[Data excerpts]
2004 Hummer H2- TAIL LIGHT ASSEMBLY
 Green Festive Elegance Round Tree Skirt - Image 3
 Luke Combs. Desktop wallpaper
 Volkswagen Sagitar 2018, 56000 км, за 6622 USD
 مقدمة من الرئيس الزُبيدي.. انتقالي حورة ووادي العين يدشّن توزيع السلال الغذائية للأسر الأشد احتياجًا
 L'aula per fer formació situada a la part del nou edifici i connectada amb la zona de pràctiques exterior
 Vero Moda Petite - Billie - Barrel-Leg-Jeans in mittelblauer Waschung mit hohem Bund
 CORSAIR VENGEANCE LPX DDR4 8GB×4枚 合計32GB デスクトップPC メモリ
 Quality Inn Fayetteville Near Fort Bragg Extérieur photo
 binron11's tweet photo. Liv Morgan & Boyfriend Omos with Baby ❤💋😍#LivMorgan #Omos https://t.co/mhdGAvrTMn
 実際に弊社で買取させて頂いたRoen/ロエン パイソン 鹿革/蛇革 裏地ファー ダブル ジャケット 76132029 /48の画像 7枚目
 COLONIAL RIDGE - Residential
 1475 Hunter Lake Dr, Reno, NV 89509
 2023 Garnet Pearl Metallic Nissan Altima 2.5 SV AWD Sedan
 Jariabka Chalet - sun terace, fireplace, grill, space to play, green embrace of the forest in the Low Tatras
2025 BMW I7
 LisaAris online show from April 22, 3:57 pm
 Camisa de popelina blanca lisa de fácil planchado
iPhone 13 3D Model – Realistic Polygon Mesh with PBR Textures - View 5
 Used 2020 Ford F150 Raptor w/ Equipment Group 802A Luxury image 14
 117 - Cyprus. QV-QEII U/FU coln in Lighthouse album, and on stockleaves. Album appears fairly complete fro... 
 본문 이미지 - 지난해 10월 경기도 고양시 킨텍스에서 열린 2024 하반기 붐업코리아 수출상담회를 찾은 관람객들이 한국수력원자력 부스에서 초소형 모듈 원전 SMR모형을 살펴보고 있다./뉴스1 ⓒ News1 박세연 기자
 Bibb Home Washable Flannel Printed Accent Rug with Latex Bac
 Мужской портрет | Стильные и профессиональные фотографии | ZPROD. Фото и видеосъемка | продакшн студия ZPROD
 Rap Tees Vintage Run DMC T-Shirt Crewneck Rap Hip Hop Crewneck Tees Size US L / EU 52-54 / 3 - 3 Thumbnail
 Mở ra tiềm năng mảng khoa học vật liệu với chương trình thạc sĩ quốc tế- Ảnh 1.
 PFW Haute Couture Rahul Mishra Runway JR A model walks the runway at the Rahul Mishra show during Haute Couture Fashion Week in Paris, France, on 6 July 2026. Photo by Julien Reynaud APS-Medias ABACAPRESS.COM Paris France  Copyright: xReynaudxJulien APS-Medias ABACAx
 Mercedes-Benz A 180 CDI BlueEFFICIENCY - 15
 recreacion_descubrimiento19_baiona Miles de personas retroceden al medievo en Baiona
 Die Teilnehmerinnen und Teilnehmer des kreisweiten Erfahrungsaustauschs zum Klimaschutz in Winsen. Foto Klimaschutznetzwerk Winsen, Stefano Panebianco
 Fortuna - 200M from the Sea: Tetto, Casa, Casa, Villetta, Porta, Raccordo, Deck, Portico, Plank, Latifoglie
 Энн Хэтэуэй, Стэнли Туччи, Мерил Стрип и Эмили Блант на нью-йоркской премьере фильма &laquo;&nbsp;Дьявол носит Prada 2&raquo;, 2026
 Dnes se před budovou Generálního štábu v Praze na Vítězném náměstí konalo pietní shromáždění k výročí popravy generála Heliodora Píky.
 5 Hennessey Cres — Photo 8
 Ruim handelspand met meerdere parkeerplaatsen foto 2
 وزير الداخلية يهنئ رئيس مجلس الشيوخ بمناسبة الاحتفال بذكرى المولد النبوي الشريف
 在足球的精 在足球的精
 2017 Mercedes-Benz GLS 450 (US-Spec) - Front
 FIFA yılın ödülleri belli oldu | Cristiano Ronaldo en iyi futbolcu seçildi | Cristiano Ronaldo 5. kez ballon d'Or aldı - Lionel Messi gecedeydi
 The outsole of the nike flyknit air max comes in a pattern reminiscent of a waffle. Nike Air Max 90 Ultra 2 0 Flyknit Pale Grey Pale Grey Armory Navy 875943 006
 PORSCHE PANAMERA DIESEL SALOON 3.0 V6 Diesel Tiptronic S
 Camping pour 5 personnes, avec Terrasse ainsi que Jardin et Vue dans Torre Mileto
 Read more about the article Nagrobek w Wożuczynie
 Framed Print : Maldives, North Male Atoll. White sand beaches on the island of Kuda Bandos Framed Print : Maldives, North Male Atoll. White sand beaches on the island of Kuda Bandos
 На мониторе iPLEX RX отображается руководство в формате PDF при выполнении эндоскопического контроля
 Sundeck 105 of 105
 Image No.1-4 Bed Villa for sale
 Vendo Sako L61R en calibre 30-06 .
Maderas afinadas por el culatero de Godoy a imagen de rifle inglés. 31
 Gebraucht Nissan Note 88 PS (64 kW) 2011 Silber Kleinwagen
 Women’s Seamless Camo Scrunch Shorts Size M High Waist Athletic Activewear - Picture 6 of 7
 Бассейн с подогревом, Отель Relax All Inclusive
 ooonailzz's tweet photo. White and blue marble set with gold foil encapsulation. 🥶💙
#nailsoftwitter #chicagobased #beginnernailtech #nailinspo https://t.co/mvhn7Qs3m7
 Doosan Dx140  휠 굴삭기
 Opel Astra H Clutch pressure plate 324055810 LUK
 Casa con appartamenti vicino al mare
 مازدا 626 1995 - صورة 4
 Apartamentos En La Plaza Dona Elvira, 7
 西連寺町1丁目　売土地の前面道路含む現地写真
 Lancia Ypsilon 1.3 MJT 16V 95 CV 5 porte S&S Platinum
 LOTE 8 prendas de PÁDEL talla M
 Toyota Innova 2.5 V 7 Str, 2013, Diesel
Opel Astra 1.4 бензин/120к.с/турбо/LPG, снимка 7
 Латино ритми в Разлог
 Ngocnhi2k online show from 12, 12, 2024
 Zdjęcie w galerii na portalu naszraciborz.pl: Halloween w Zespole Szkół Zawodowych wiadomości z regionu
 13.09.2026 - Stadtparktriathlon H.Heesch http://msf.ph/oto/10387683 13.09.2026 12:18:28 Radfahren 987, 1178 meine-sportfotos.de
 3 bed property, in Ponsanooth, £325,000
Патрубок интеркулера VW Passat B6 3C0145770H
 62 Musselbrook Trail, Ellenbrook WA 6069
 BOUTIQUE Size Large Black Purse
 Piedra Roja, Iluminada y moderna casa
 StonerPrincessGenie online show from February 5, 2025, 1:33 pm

**WHAT THIS TASK INVOLVES**
Report each line in the data that holds the word "White".

**TASK OUTPUT**
 Framed Print : Maldives, North Male Atoll. White sand beaches on the island of Kuda Bandos Framed Print : Maldives, North Male Atoll. White sand beaches on the island of Kuda Bandos
 ooonailzz's tweet photo. White and blue marble set with gold foil encapsulation. 🥶💙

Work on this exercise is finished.